Written and directed by both Massimo Barilla and Salvatore Arena, the play is onomatopoeic and poetic and at the same time imbued with that substance and material that is so concrete that it hurts, it hurts when listening. The words evoke and express an ancestral violence against which there seems to be no remedy no levee no rescue no purification no redemption. A corrupt and rotten world, tangled up in itself, which feeds its children to produce meat for slaughter, new slaughters to soil the streets, alleys and sidewalks, to colour that ancient and dark world with new pain. Alone on stage, Arena embodies, with the usual expressive force and generosity (his stylistic code), a power that seems to take charge of every word, of every suspension, a participatory and lived interpretation inch by inch, breath by breath on the skin. Arena doesn’t spare himself, his heart, his belly, his liver, his stomach.

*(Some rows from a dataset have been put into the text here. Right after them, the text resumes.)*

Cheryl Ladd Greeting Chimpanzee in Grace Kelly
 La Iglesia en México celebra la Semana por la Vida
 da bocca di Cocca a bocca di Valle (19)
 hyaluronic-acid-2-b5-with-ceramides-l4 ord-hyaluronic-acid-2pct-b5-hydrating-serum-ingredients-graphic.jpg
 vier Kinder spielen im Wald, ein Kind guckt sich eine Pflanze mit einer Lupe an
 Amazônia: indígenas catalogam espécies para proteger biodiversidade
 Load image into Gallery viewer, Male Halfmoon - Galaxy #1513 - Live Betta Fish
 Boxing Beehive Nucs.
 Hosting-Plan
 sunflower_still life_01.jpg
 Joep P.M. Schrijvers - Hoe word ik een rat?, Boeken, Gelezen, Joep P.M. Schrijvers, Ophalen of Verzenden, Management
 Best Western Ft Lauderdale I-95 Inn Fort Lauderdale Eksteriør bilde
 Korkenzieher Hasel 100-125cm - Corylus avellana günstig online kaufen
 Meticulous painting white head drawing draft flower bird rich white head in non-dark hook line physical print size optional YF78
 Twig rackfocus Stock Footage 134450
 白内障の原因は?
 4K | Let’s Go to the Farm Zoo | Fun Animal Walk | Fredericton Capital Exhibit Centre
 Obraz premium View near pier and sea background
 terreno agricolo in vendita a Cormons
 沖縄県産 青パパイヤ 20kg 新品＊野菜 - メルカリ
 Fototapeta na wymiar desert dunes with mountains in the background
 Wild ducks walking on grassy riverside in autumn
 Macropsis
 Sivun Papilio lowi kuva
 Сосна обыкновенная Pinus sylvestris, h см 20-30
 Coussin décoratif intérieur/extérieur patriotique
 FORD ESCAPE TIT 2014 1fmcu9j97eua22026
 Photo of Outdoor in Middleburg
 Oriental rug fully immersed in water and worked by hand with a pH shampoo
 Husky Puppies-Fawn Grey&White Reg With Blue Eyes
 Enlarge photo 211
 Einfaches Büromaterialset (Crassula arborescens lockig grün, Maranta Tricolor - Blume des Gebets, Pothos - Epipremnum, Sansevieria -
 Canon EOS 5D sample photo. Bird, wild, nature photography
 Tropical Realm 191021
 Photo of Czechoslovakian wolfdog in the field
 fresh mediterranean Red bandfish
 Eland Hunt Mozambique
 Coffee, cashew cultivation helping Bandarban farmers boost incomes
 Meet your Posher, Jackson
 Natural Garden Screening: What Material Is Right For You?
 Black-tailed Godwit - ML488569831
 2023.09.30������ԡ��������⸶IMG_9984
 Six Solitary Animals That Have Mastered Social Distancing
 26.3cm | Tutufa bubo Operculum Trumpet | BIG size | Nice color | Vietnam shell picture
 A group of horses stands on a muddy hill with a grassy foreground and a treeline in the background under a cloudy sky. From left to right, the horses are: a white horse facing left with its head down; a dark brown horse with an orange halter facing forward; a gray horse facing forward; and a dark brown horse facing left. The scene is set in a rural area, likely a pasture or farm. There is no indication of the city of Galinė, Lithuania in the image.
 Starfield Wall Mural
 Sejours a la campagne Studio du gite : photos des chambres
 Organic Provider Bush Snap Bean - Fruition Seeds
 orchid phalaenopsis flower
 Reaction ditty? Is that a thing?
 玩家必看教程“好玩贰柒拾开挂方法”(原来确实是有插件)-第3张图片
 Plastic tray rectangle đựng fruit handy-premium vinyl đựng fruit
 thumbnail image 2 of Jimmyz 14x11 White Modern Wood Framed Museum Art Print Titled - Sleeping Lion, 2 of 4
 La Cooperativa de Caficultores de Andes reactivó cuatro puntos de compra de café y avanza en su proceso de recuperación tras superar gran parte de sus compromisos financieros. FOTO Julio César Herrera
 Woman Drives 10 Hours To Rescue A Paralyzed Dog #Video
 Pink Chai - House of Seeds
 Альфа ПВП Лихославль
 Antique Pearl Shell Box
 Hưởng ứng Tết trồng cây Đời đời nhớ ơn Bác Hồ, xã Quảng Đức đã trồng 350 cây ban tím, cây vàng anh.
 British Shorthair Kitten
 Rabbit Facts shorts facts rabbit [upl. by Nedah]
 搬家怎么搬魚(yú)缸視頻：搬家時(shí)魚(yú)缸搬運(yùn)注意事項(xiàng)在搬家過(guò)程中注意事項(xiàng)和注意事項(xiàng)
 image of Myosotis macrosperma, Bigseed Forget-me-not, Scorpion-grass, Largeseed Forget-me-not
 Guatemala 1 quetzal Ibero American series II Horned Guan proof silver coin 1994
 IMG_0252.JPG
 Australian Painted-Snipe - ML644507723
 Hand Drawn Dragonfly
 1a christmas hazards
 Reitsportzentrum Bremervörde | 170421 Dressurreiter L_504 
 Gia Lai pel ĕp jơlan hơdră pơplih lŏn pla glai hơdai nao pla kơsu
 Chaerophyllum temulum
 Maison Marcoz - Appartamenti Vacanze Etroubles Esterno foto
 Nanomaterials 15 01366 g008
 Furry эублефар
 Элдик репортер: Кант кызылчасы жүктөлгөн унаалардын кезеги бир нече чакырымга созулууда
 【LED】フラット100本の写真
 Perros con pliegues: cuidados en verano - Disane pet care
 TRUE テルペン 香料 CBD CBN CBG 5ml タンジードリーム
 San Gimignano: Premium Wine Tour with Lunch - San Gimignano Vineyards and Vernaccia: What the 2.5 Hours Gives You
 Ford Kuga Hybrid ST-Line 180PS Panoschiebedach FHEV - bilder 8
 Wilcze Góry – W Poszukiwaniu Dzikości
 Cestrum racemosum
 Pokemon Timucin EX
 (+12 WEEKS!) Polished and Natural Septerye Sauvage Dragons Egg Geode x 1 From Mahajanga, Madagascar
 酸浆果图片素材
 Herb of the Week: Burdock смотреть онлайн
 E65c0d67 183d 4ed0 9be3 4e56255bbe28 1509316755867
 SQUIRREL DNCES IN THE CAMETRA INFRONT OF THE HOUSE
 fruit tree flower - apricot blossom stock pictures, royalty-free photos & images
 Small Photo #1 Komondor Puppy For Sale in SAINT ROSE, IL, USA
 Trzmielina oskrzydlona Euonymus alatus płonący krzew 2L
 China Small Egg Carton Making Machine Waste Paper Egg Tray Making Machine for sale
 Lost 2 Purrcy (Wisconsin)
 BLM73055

The pretext for this feud is a lamb born from the ram of a family and from the sheep of the rival family: the Malapaglias and the Cacciacarta. Like the Montecchi and the Capulets. An eye for an eye and the world goes blind, argued Gandhi. Sheep, ram and lamb, sacrificial animals such as young people, men and members of the two families who annihilate themselves like beasts falling like skittles. In this war of rancid resentment that stains the lives of the village, there is, in so much suffering, a glimmer, not so much of liberation but at least of intelligence and foresight in wanting to stop this dripping of bodies: other lambs to be slaughtered, this time with human features, Rocco (maybe coming from Fidelio?) and Alfredo (from the Traviata?), like Romeo and Romeo, decide to stop this carnage. It is a sub-track of the narrative, a story within a story, a Deandreian flower born from so much manure. After being locked up like an animal in a cage by his father in a slammer for years, Rocco becomes Aida. Aida is beauty and chants and longing (music by Luigi Polimeni) and the macho element melts and the cancerous feelings fall apart and the macho knots yield inexorably: “Is this love? This evil that poisons us, this rope that tightens us”. The entire performance is a long angry confession revolving around the corpse of the father, source of hatred and destruction. A theatre of pangs, of teeth to be pulled, of meat to be slaughtered, a theatre that bleeds, a theatre of mud and tears. One comes out cut and incredulous, wounded and aware.


[1] Typical sausage from Calabria with a soft texture and a very spicy taste.